Perkuat Pengawasan Orang Asing, Imigrasi Tanjung Uban Gelar Sosialisasi Aplikasi APOA di Bintan Resort Cakrawala

Kamis, 11/06/2026 - 19:13
Imigrasi Tanjung Uban Gelar Sosialisasi Aplikasi APOA di Bintan Resort Cakrawala

Imigrasi Tanjung Uban Gelar Sosialisasi Aplikasi APOA di Bintan Resort Cakrawala

Klikwarta.com, Bintan - Dalam upaya meningkatkan pengawasan keimigrasian terhadap aktifitas

Orang Asing, Kantor Imigrasi Kelas II TPI Tanjung Uban menggandeng para pelaku
usaha dan pengelola akomodasi dengan mengadakan kegiatan sosialisasi terkait
Aplikasi Pelaporan Orang Asing (APOA) dengan tema “Penyebaran Informasi
Keimigrasian dengan Aplikasi Pelaporan Orang Asing (APOA): Sinergi Digital
Pengawasan Orang Asing” di Kawasan Bintan Resort Cakrawala, Lagoi Kamis : 
11/06/2026


Kegiatan ini dipandu oleh moderator Rian Satria Putra dan dihadiri oleh Kepala
Seksi Teknologi Informasi, Komunikasi dan Keimigrasian Reza Anugerah selaku
perwakilan dari Kepala Kantor Imigrasi Tanjung Uban. 

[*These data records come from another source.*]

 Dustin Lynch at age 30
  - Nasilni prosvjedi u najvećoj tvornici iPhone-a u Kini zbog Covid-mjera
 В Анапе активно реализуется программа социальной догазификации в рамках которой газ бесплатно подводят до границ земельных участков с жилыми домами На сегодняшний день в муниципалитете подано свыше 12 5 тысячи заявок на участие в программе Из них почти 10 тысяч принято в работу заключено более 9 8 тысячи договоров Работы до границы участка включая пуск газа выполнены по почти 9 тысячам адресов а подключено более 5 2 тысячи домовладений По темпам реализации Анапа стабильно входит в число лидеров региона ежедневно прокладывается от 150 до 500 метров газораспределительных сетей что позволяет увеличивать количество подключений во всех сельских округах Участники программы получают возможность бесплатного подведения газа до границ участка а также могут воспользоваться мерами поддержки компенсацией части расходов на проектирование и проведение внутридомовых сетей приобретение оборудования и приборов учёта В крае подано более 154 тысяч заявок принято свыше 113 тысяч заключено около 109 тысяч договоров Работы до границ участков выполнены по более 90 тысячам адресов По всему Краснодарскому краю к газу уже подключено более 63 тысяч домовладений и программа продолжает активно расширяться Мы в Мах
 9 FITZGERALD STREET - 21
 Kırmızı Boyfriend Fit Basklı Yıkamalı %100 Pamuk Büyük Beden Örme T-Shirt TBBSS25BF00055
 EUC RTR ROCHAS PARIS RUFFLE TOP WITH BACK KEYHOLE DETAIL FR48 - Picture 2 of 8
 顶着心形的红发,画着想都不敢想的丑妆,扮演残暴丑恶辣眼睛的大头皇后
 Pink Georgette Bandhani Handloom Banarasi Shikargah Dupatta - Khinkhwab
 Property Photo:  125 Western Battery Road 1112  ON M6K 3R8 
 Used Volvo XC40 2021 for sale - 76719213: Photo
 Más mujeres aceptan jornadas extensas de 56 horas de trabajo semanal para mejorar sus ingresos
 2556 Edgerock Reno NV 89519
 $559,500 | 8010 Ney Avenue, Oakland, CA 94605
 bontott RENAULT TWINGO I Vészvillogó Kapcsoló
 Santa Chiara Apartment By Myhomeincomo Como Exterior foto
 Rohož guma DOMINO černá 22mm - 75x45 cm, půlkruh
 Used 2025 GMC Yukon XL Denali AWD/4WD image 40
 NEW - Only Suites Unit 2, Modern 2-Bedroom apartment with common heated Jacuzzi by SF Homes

Selain itu, kegiatan ini juga
dihadiri oleh perwakilan dari manajemen hotel, resort, villa, tenant, serta pelaku
usaha yang berinteraksi langsung dengan warga negara asing (WNA) dalam
kegiatan operasional sehari-hari.

Muhammad Harry Meilan selaku pemateri
menyampaikan materi mengenai kewajiban pelaporan Orang Asing serta tata cara
penggunaan APOA sebagai sarana pelaporan yang cepat, mudah, dan terintegrasi.
Melalui pemaparan yang diberikan, peserta diajak untuk lebih memahami fungsi dan
manfaat APOA sebagai platform digital yang mendukung pelaporan keberadaan
Orang Asing secara efektif dan efisien.

Dalam sosialisasi tersebut dijelaskan bahwa APOA dirancang untuk mempermudah
pengelola akomodasi dan pelaku usaha dalam memenuhi kewajiban pelaporan
Orang Asing sesuai ketentuan peraturan perundang-undangan yang berlaku. 

Selain
mendukung tertib administrasi keimigrasian, penggunaan aplikasi ini juga berkontribusi dalam menciptakan pengawasan yang lebih akurat, cepat, dan
responsif terhadap keberadaan Orang Asing di wilayah Indonesia.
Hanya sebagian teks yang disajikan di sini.